I'm probably not going to make myself a lot of friends by saying this but I don't really understand the systemd opponents.
The components systemd is slowly replacing or sitting on top, most of the low level userspace of linux, is mostly garbage and poorly documented garbage at that. PAM is aweful. I don't even want to talk about ConsoleKit. Cron has one of the worst configuration format ever and I'm certainly not going to miss fstab. I would find journald a step in the right direction even if the only thing it brought to the table was the ability to configure logging from the service file and not have to fiddle with logrotate.
Networkd gives you a nice, uniform and well documented way to configure both interfaces, rules, custom routing tables and vpn tunnels from declarative files. Who in their right mind can miss the hodgepodge of scripts that was there before ?
I think sections 3.5 and 3.6 (all of them, including subsections outlines current problems pretty clearly. Summarized, systemd is complex to reason about, ambiguous in how it functions, and poorly documented in many cases. All the very similar directives with slight nuances paint a picture of people that didn't really understand the problem space as well as they thought they did (and to be fair, nobody did, and they probably had the best understanding, as woefully inadequate as it was). For a sysadmin, who rarely (but not never!) has to dive into the intricacies of unit files and the myriad directives and their nuanced behavior for creating a server but less rarely is affected by odd behavior introduced by systemd, it's a liability.

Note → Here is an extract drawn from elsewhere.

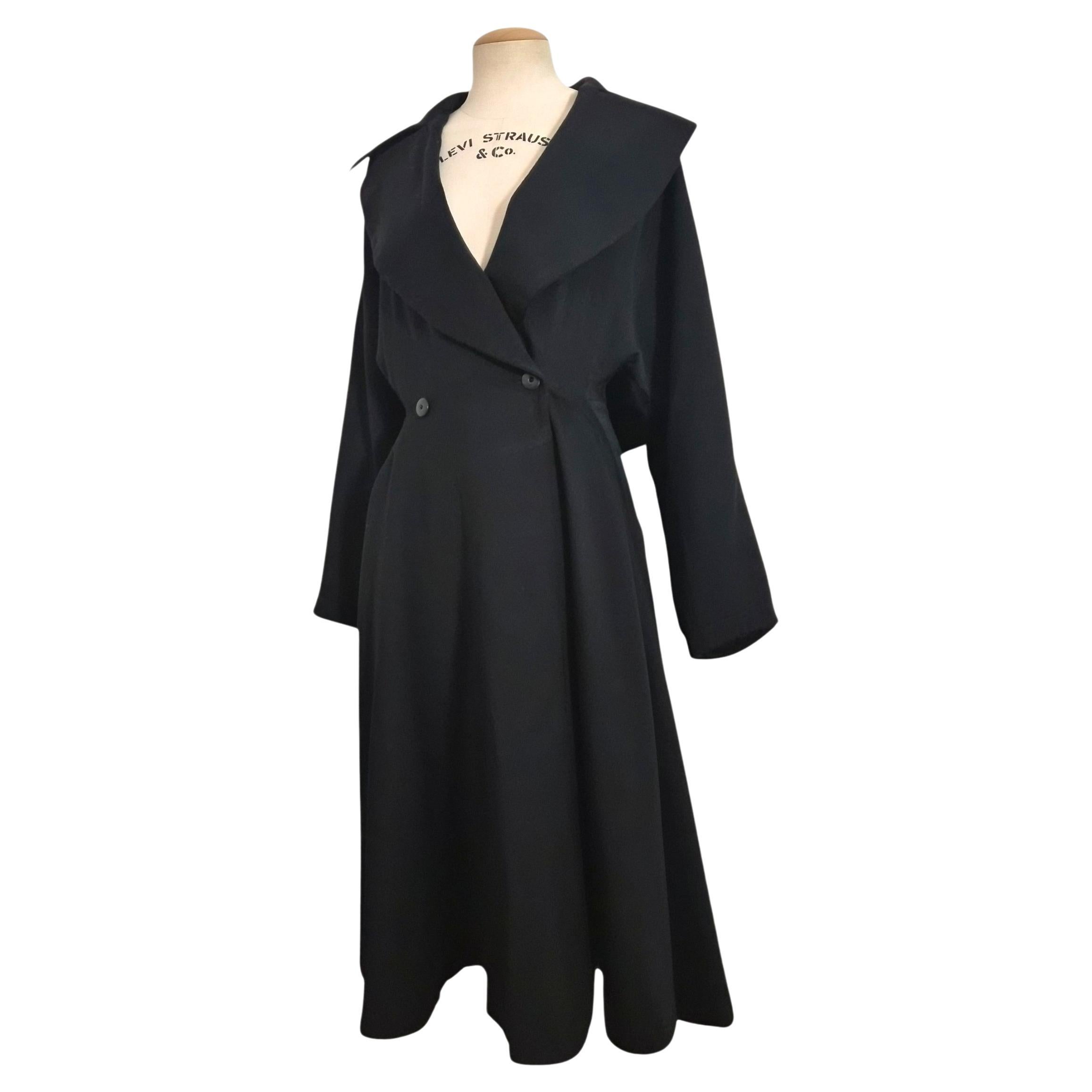 Azzedine Alaïa Voluminous Black Coat — c. 1988 en venta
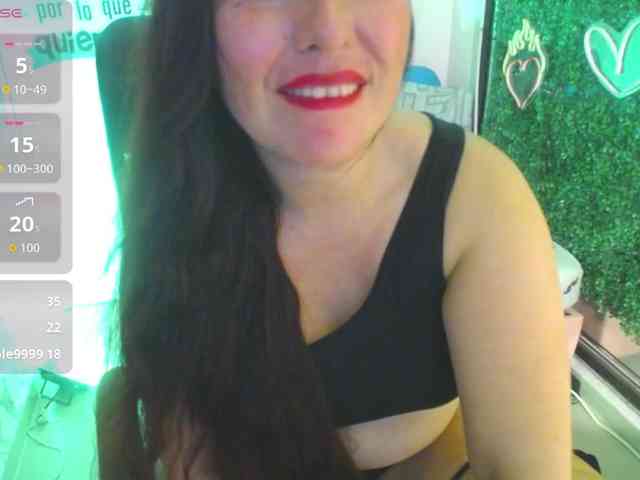 Evelyn-mature19 webcam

What we have now is a chance to learn from those missteps and build something even better. Systemd as a catalyst for rapid chance was wildly successful. As an init system that capitalizes on those changes in a way that users (that is, system/distro packagers) can take advantage of, not so much, since it's so wildly complex. The article posits that BPF will be used to create programs to take over some of these tasks, which may be right. Alternatively, we could start pulling out the components that systemd subsumed, and formalizing them into new standards that others could develop for. Whether that means actually pulling out the component (e.g. logind) to a new repo, or just formalizing API is up for debate.
What you don't like about cron format? It is nice, consistent. Same for fstab, the only issue I have with it that e.g. Debian doesn't handle mounting network filesystems after the network is up (there are a couple of those and it shouldn't be hard to just grep the file for those).
As for journald, as long as they keep my log files in /var/log in pure text format it can stay.
The issue I have with systemd is that it tries to fiddle with my files, last year I noticed that /etc/resolv.conf contains some strange line with local resolver, WTF? I didn't install one for sure so why (and it was breaking my network).
RedHat wanted it done once Lennart convinced them it is the right thing to do and Lennart put in the effort to be at RedHat at the right time to have the ability to convince them.
In fact Lennart is one of the few people willing to put in the effort to touch the fundamental building blocks that otherwise rot, but nobody is willing to touch.
> Projects like Gnome were Red Hat is by far the biggest contributor
Yeah, I guess it's not that bad that in FLOSS, the people willing to ultimately sit down and put in the time and effort to actually write the code, even the non-sexy bits, get to steer the project over Hacker News commenters.
That's not the worst outcome out there if you ask me.